I think I just was a dick to Paul Rudd.
Jon just got arrested by the quesadilla police
What?!?
What I actually meant, is I had a quesadilla, and Jon got arrested by the real police
i was sitting in the back seat of her car with her boyfriend while she was driving. it was pretty awkward, but i dont think "so my dick's been in your girl's mouth too" was a good ice breaker
just had an encounter with drunk people from out of state at dairy queen. they wanted to stay till march to see the high school play.
Also, I had a dream I had a ray gun and woke up holding my dick.
We are not buying weed off a guy from the internet.
My dad caught me fucking in the pool last night. He proceeded to tell me I needed to "quiet things down" while this guys dick was still in me. Worst daughter ever.
I might as well rub my vagina against it before I throw it away.

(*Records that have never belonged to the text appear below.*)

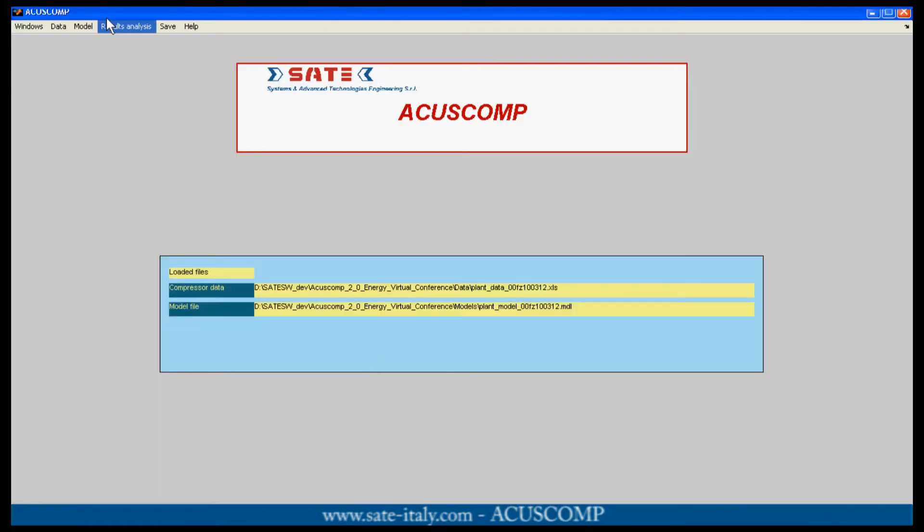As soon as the simulation ends, the results can be displayed through a visualization tool.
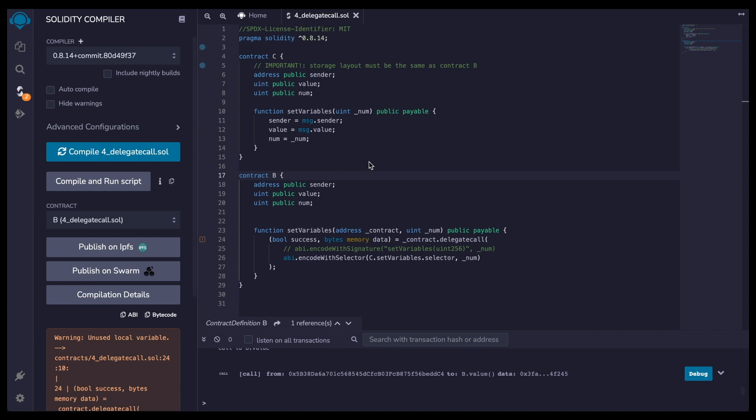Okay. So C has a simple function, a set variables function. All we do is that we set the data for the sender, value, and a public number. And very important, between C and B, they must have the same storage layout. If you don't have the same storage layout, what's going to happen is that the data is going to be written in different memory slots. So that's not what we want.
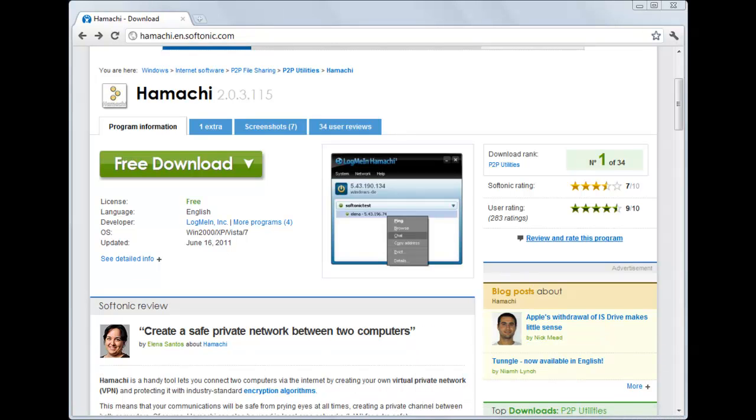Hello guys, and today I'm going to teach you how to download Hamachi and get it running.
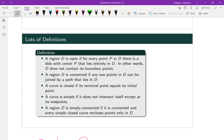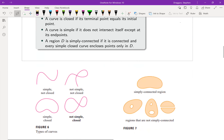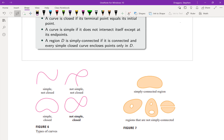Next, we're going to call a curve closed if its terminal point equals its initial point — basically think of a loop or some kind of circle-like object. A curve is simple if it does not intersect itself except at its endpoints — no crossing allowed. Finally, a region D is simply connected if it is connected and every simple closed curve encloses points only in D. That last part means a shape like a donut would not be simply connected, because we could find a closed region that would enclose points that are not in D, since we'd have points in the donut hole.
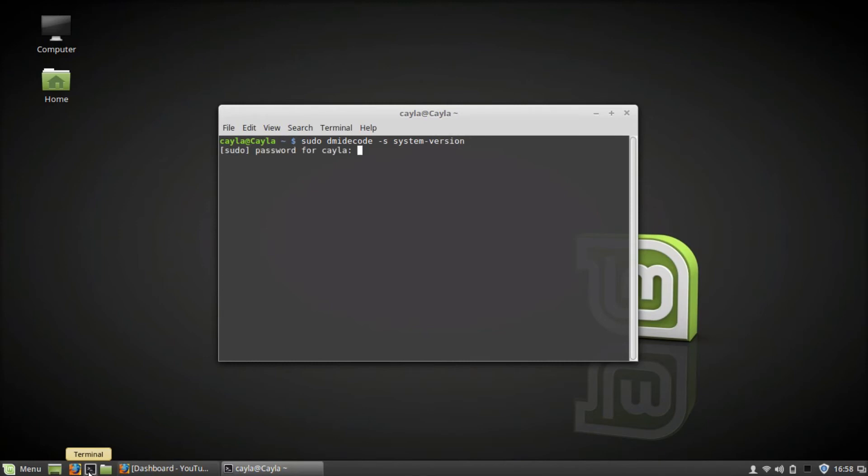Now press enter, type your password, and press enter again. All right, so my computer's model number is PSCF6C02T002.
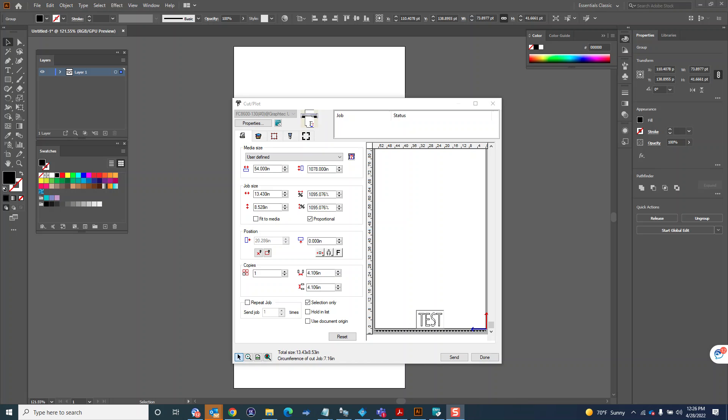So this information will pertain to all three of those softwares: Graphtec Pro Studio, Flexi Sign, or Cutting Master. They're all basically the same program.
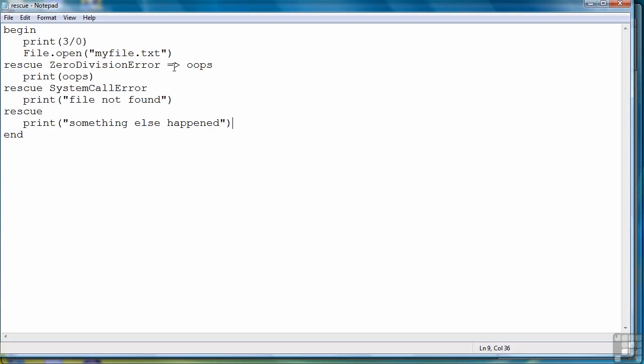So that wraps up this second part of handling exceptions, and now we're going to move on to the next lesson where we're going to learn how to raise our own exceptions so that when something happens in a program that we don't want to happen but is not considered a Ruby exception, we can still have our code throw that exception and then handle it appropriately.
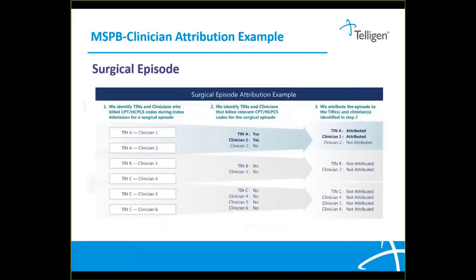Now let's look at the surgical episode example. This image shows an example of the MSPBC surgical episode attribution. First, CMS will look at the CPT or HCPCS codes billed during the index admission. Next, the relevant codes will be identified, and then the episode will be attributed to the proper clinician. In this example, there are six clinicians who billed a code during the index admission, but only one clinician — Clinician 1 in TIN A — billed a relevant code for the surgical episode. So the patient is attributed to Clinician 1.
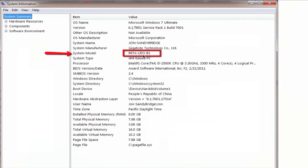It's right here. That's the model number of your motherboard. So you can just take that model number, plug it into Google, and figure out which motherboard you have precisely.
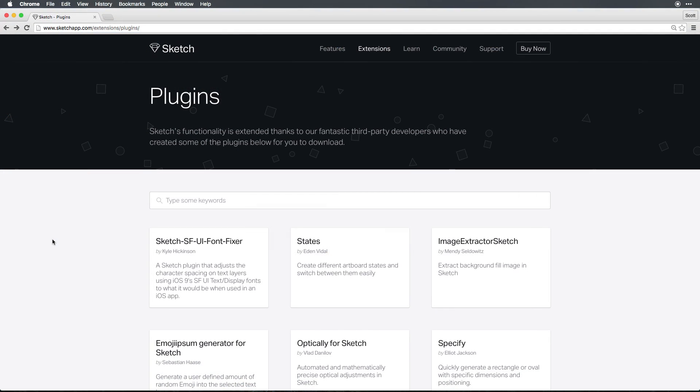So head to SketchApp.com forward slash extensions forward slash plugins to check out some of the plugins created by the amazing third party developers who've taken the time to create these plugins for Sketch.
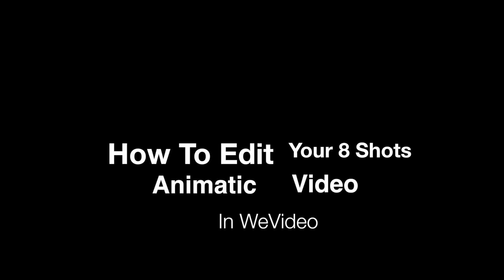Hey, it's Mr. Wilson. We're going to talk about how to edit your 8-Shots animatic video in WeVideo.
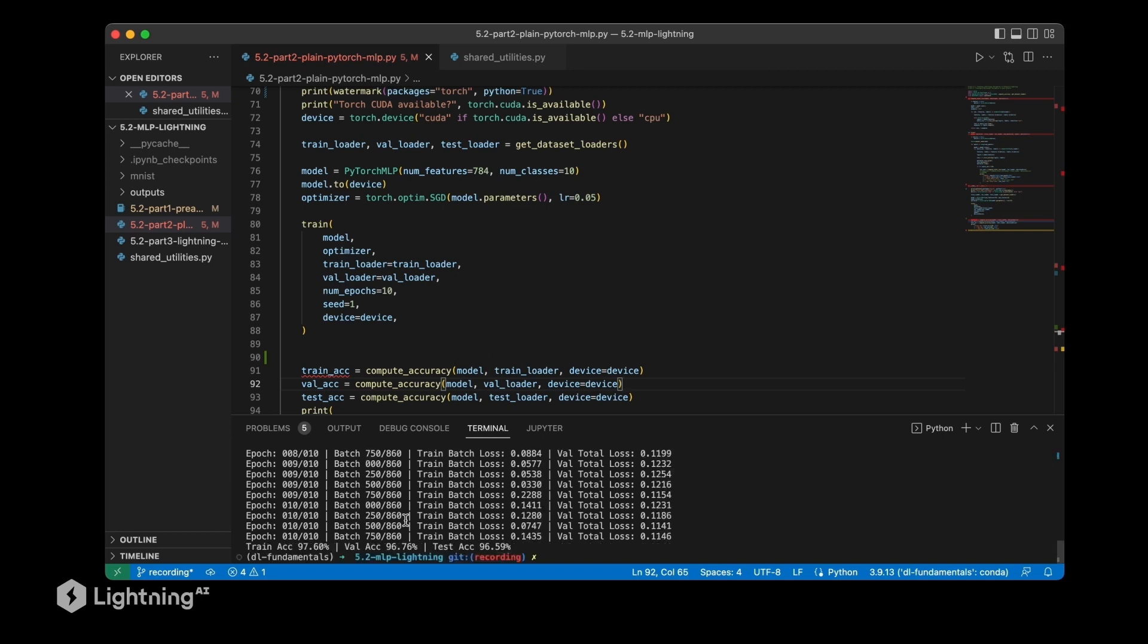When the model finished training, we see that we have a training accuracy of 97.6%, a 96% validation accuracy, and a 96% test accuracy. Since the discrepancy between training and test accuracy is so small, I would say the model is only overfitting a tiny little bit, maybe not at all.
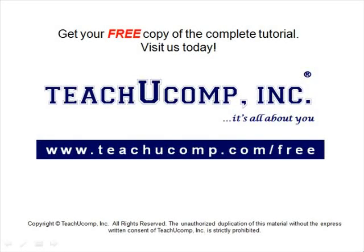Get your free copy of the complete tutorial at www.teachucomp.com/free.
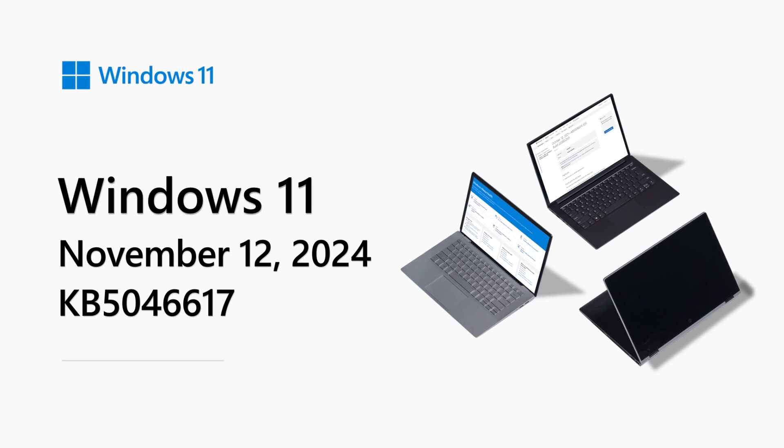Hello, my name is Ben Watt and I'm a Cloud Solution Architect at Microsoft. Welcome to the Windows 11 release notes for November 2024.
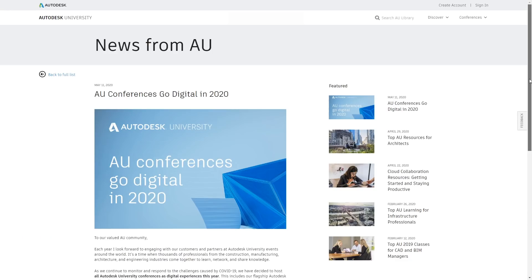All Autodesk University events will go online because of COVID. The conference in Las Vegas scheduled in November will be totally online, as well as all international AU events in the UK, India, Japan, China, and Germany.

Shame?!? Shame only comes from getting naked in front of strangers and it not being awesome
Defrosting my uncrustable with my laptop...Hungover dinner
Honestly I'm not even that excited to see my boyfriend. I'm more excited to see his penis. His penis inside of me.
He was an asshole the entire night and then tried to touch my dick in a Michaels craft store.
Sooooo, no second date?
When you put the phrases "just out of shower" and "did you get the picture" that close together, a picture of hamburger helper is not exactly what I expected to pop up.
When you left the bar, you did two cartwheels and a heel click and RAN ALL THE WAY HOME.
on a campus of 30,000 people, i should not be able to see every single guy I've ever hooked up with at one party.